Beyond this, the standards allow additional “no calorie” and “lower calorie” beverage options for high school students.
- No more than 20-ounce portions of calorie-free, flavored water (with or without carbonation); and other flavored and/or carbonated beverages that are labeled to contain < 5 calories per 8 fluid ounces or ≤ 10 calories per 20 fluid ounces.
- No more than 12-ounce portions of beverage with ≤ 40 calories per 8 fluid ounces, or ≤ 60 calories per 12 fluid ounces. Healthy Fundraisers
- Food items that meet nutrition standards are not limited
- The standards do not apply during non-school hours, on weekends and at off-campus fundraising events
- The standards provide a special exemption for infrequent fundraisers that do not meet the nutrition standards. Each State agency is responsible for establishing the number of exempt fundraisers that may be held in schools each year.
School Nutrition Q&A
The National School Lunch Program is a federally assisted meal program operating in over 100,000 public and non‐profit private schools and residential child care institutions. It provided nutritionally balanced, low‐cost or free lunches to more than 31 million children each school day in 2012. In 1998, Congress expanded the National School Lunch Program to include reimbursement for snacks served to children in after school educational and enrichment programs to include children through 18 years of age. The Food and Nutrition Service administers the program at the Federal level. At the State level,the National School Lunch Program is usually administered by State education agencies, which operate the program through agreements with school food authorities.

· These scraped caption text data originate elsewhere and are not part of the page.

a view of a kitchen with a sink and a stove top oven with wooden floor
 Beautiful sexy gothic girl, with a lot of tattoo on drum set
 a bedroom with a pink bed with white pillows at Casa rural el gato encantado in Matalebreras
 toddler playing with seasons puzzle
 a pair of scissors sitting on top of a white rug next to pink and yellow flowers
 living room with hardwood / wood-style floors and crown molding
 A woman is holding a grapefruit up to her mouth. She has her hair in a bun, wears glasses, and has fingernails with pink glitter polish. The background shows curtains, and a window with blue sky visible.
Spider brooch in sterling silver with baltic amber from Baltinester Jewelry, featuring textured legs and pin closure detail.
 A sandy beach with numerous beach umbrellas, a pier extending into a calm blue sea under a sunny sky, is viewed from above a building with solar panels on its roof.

How does the National School Lunch Program work?
Generally, public or nonprofit private schools of high school grade or under and public or nonprofit private residential child care institutions may participate in the school lunch program.School districts and independent schools that choose to take part in the lunch program get cash subsidies and USDA foods from the U.S. Department of Agriculture (USDA) for each meal they serve. In return, they must serve lunches that meet Federal requirements, and they must offer free or reduced price lunches to eligible children. School food authorities can also be reimbursed for snacks served to children through age 18 in after school educational or enrichment programs.
New Meal Pattern
What are the nutritional requirements for school lunches?
School lunches must meet meal pattern and nutrition standards based on the latest Dietary Guidelines for Americans. The current meal pattern increases the availability of fruits,vegetables, and whole grains in the school menu. The meal pattern’s dietary specifications set specific calorie limits to ensure age-appropriate meals for grades K-5, 6-8, and 9-12. Other meal enhancements include gradual reductions in the sodium content of the meals (sodium targets must be reached by SY 2014-15, SY 2017-18 and SY 2022-23). While school lunches must meet Federal meal requirements, decisions about what specific foods to serve and how they are prepared are made by local school food authorities.
Why is my child asked to take extra items if he/she doesn’t plan to eat them?
Students must choose three of four items offered at breakfast and three of five items offered at lunch for the U.S. Department of Agriculture (USDA) to consider it a complete meal. The USDA requires a complete meal be taken in order for School Nutrition Services to receive reimbursement. It is also important for children to take a full meal in order to meet recommended nutrient needs.
This institution is an equal opportunity provider.